Fiorenza Sarzanini, Corriere della Sera 12/7/2015, 12 luglio 2015
ATTACCO HACKER, LA PISTA DELLO STATO
«AMICO» –
ROMA L’attacco contro «Hacking Team» potrebbe essere stato pianificato da un gruppo di criminali informatici finanziato da uno Stato estero. Un Paese che potrebbe anche essere «amico» dell’Italia.

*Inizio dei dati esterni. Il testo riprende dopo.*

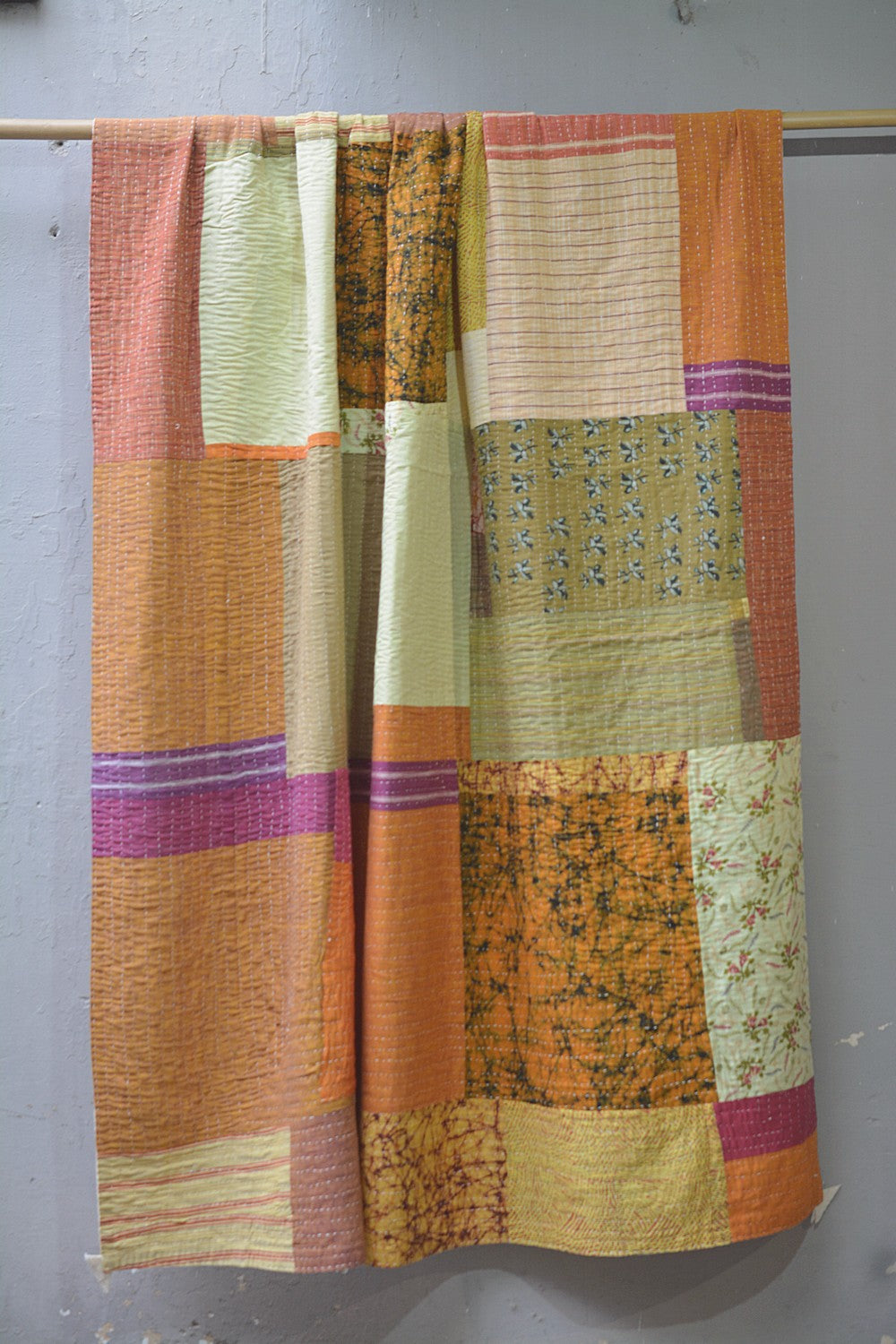 Hand-Quilted Khadi Bedspread | Layer | 63” x 88”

È questa l’ipotesi che sembra prevalere nell’indagine sull’intrusione ai sistemi della società milanese che una decina di giorni fa ha provocato la perdita di migliaia e migliaia di dati sensibili. Anche se tutte le piste rimangono aperte, compresa quella di un’azione pianificata da un’azienda rivale. E adesso, all’interno degli apparati di sicurezza, sono in molti a paventare il peggio. Perché con il trascorrere dei giorni diventa sempre più alto il timore che la pubblicazione di numerosi files interni all’azienda — mail e comunicazioni tra i dipendenti oltre a contratti e fatture con istituzioni italiane ed estere — sia soltanto l’inizio, mentre il vero obiettivo dell’azione si potrà comprendere quando la situazione apparirà più tranquilla. Ma anche perché dopo quanto accaduto bisognerà verificare la solidità e la trasparenza dei rapporti di collaborazione gestiti a livello governativo e soprattutto tra apparati di intelligence . Non solo. Secondo i primi dati acquisiti sono almeno una cinquantina le inchieste avviate nelle Procure di tutta Italia «bruciate» perché gli indagati hanno scoperto di essere sotto controllo.
Il blocco delle reti
La paura più forte riguarda il possibile blocco di alcuni settori strategici per il Paese. Per questo tutti gli Enti e le ditte private che gestiscono servizi pubblici sono state allertate e hanno potenziato i controlli. Misure preventive che comunque non consentono di escludere l’eventualità di un blackout . E dunque c’è massima allerta per tutti i possibili obiettivi dei terroristi, nel timore che possano rimanere «scoperti» sia pure per poco tempo. E si tengono sotto stretta osservazione le linee di comunicazione proprio per evitare conseguenze ben più gravi di quelle già provocate. La preoccupazione non riguarda solo azioni eclatanti, ma anche atti apparentemente dimostrativi che però potrebbero indebolire la tenuta dei sistemi.
Le fonti degli 007
Il furto dei «codici sorgente» ha certamente esposto, soprattutto sul piano internazionale, l’Aise — l’Agenzia per l’informazione e la sicurezza esterna — che utilizzava i sistemi messi a disposizione da «Hacking Team». Dieci giorni fa i vertici di Forte Braschi sono stati avvisati di quanto accaduto e hanno cercato di proteggere i propri dati ma ancora non è possibile sapere quante e quali informazioni siano finite in mano ai «pirati». Certamente sono ormai state svelate le identità di numerose «fonti» o di agenti di servizi segreti stranieri, resi noti alcuni indirizzi di «copertura», conosciuti i memorandum e i report su attività di livello massimo di segretezza. Un attacco senza precedenti che potrebbe essere stato finanziato da uno Stato «amico» danneggiato dai recenti scandali che hanno svelato l’attività illecita compiuta dalle agenzie governative, oppure per interrompere i rapporti di «Hacking Team» con alcuni governi ritenuti «canaglia». Una resa dei conti che potrebbe avere, dunque, esiti imprevedibili.
Gli intercettati
La polizia postale continua ad effettuare controlli e verifiche, pur nella consapevolezza che potrebbero esserci numerose «interferenze» da parte di chi cerca di nascondere la reale natura dei propri rapporti con «Hacking Team» e non soltanto per motivi inconfessabili. La società milanese lavorava infatti costantemente con gli 007, ma anche con le forze dell’ordine. Per conto di carabinieri, polizia e Guardia di Finanza gestiva buona parte dell’attività legata alle intercettazioni di telefoni e computer grazie ad apparecchiature sofisticate che consentono anche di «leggere» e scaricare tutti i dati, compresi quelli scambiati con tecnologie apparentemente impenetrabili come WhatsApp. I magistrati hanno ordinato la sospensione dei controlli, ma secondo le verifiche effettuate sinora numerose persone hanno scoperto di essere sotto inchiesta: gli antivirus hanno fatto scattare gli «allert» rivelando così che smartphone e pc erano intercettati e il danno provocato alle indagini in corso in alcuni casi sembra irreparabile.